## Work instructions
The lines from the one containing "ADIDAS BACKPACK" through the final line of the listing below are what the answer must repeat, exactly and only, leaving pictures out.
· · · ·
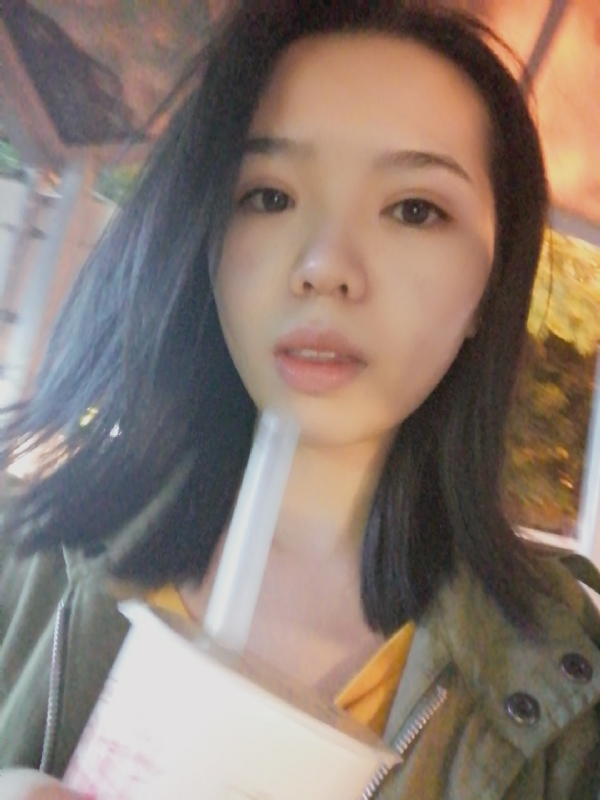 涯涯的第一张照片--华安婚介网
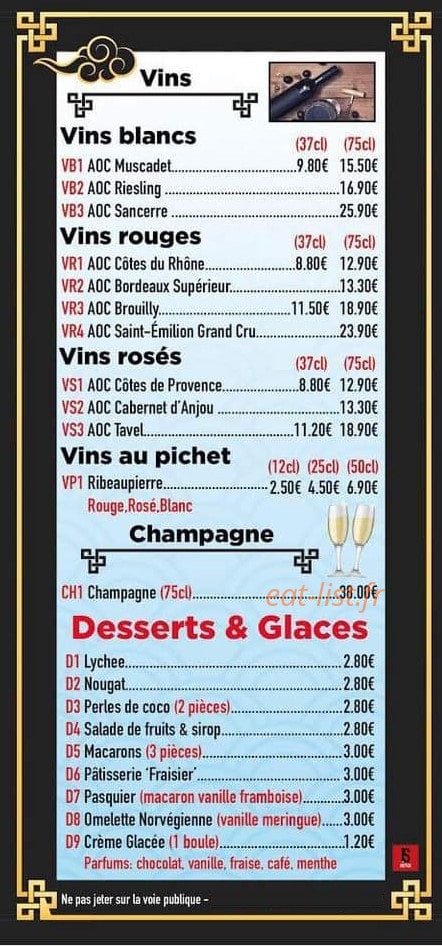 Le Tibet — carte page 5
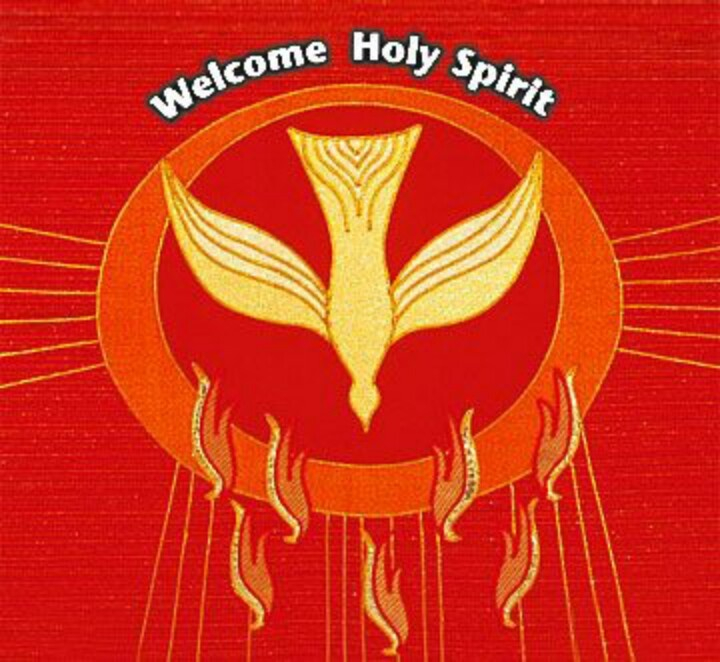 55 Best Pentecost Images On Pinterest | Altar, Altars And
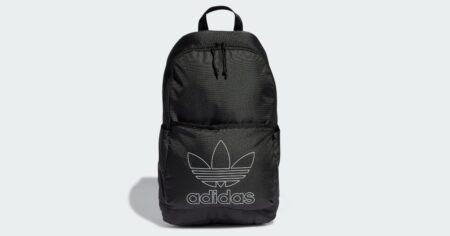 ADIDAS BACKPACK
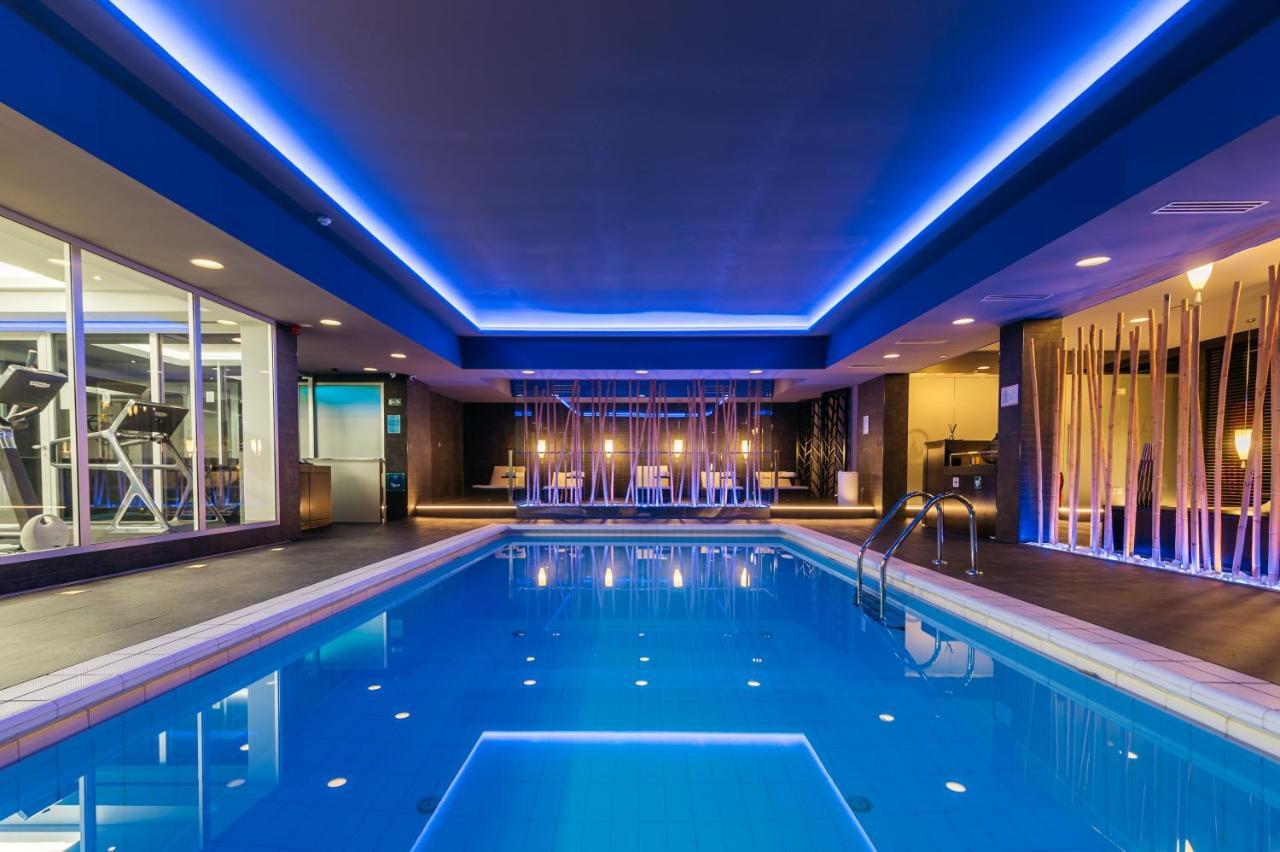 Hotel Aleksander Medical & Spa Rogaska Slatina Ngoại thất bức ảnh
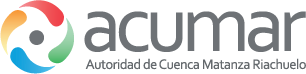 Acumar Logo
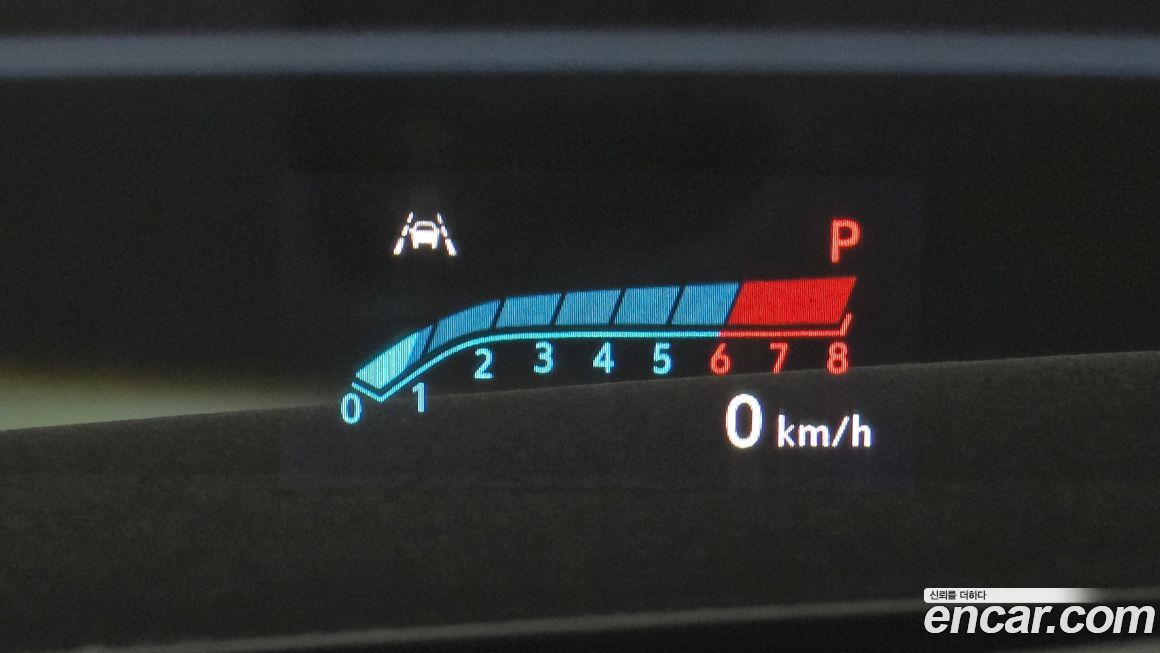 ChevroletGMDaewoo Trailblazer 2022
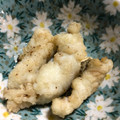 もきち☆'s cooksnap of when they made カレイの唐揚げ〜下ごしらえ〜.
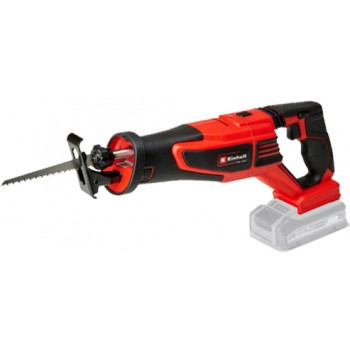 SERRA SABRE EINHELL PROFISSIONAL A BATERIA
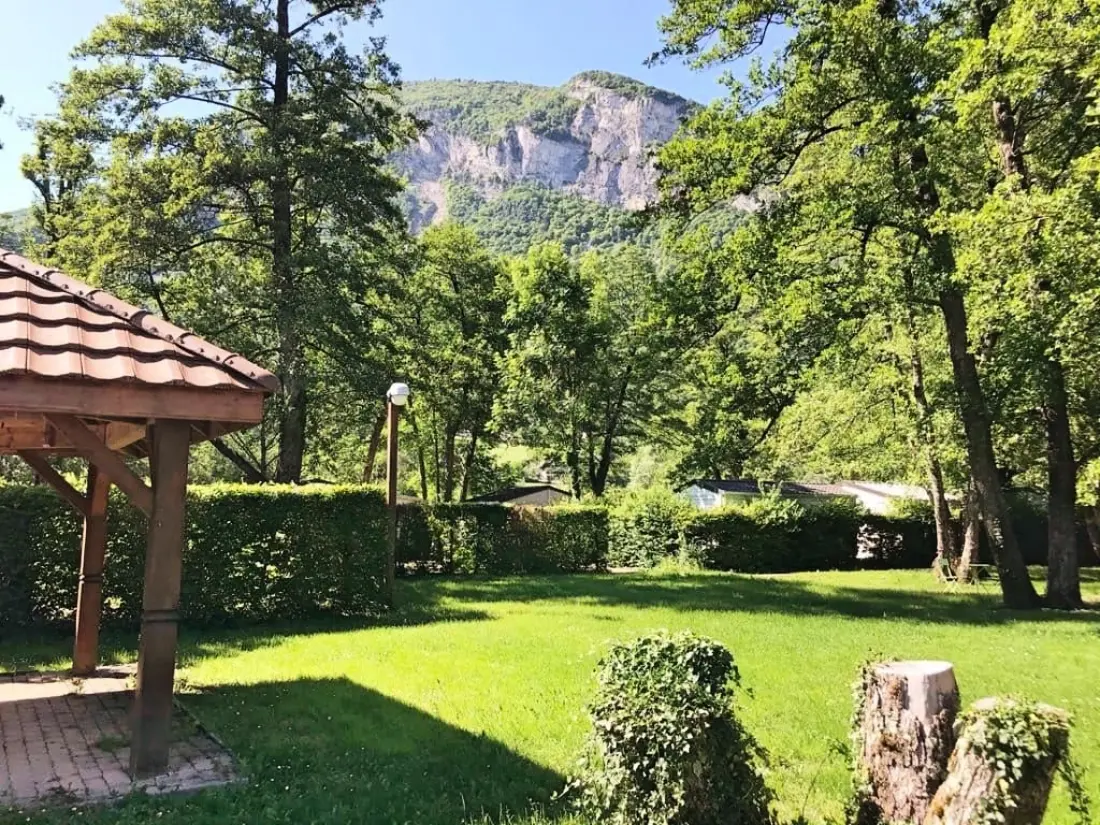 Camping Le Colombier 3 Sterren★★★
· · · ·
## Completed exercise
 ADIDAS BACKPACK
 Hotel Aleksander Medical & Spa Rogaska Slatina Ngoại thất bức ảnh
 Acumar Logo
 ChevroletGMDaewoo Trailblazer 2022
 もきち☆'s cooksnap of when they made カレイの唐揚げ〜下ごしらえ〜.
 SERRA SABRE EINHELL PROFISSIONAL A BATERIA
 Camping Le Colombier 3 Sterren★★★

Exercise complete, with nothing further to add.